*** Given information ***
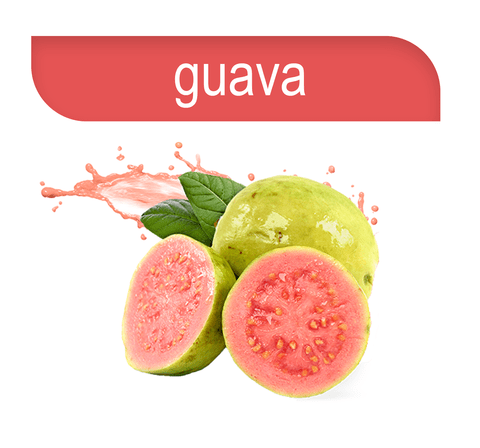 Hookafina OG | Stogz | Find Your High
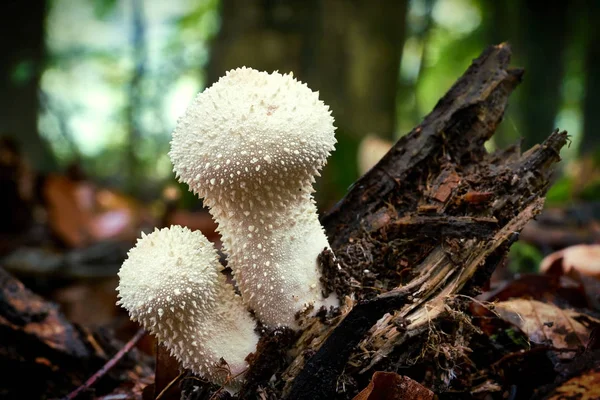 Lycoperdon perlatum na floresta — Fotografia de Stock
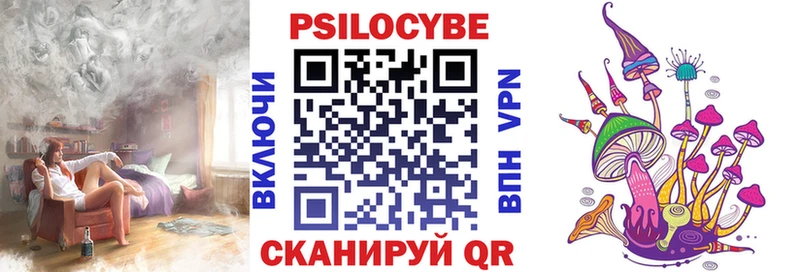 где купить   Сурск  Галлюциногенные грибы мухоморы 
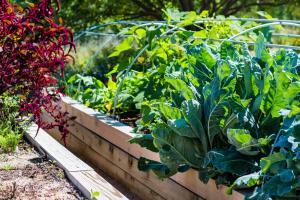 Raised planter in a urban garden with fresh organic vegetables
*** End of Given information ***
> What to work on: Everything from the line with "Галлюциногенные грибы мухоморы" through the last line of the listing above is to be copied exactly, both ends included, except the pictures.

> Task solution:
 где купить   Сурск  Галлюциногенные грибы мухоморы 
 Raised planter in a urban garden with fresh organic vegetables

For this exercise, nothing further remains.